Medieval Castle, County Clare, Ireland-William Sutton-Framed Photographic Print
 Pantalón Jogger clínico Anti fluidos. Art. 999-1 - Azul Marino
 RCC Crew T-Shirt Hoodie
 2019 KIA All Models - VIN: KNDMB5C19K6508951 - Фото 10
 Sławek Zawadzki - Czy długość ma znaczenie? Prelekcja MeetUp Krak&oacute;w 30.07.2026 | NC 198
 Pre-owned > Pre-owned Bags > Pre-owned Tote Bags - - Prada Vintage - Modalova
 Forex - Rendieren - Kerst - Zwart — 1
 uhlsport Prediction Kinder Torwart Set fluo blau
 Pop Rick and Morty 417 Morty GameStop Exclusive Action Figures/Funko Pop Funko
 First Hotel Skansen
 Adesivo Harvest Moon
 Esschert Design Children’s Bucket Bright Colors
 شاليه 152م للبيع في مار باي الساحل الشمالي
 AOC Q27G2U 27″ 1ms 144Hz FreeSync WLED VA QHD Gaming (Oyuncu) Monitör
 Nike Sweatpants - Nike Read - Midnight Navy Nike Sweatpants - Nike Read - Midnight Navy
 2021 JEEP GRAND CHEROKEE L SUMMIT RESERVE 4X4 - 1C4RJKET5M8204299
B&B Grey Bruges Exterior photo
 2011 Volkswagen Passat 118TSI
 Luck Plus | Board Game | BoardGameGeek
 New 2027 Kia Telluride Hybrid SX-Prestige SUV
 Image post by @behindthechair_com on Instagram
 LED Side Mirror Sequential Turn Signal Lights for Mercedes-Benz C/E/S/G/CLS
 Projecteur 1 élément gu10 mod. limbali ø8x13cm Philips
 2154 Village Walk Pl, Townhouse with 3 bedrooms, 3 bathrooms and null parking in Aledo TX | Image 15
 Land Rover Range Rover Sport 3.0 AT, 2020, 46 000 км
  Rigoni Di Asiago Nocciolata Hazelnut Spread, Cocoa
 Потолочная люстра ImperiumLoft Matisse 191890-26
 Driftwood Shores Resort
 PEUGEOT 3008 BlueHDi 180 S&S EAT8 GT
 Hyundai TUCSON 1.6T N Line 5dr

> **What this task involves**
From the line containing "Rigoni Di Asiago" through the end of the material, print each line exactly as it appears.

> **Solution for this exercise**
  Rigoni Di Asiago Nocciolata Hazelnut Spread, Cocoa
 Потолочная люстра ImperiumLoft Matisse 191890-26
 Driftwood Shores Resort
 PEUGEOT 3008 BlueHDi 180 S&S EAT8 GT
 Hyundai TUCSON 1.6T N Line 5dr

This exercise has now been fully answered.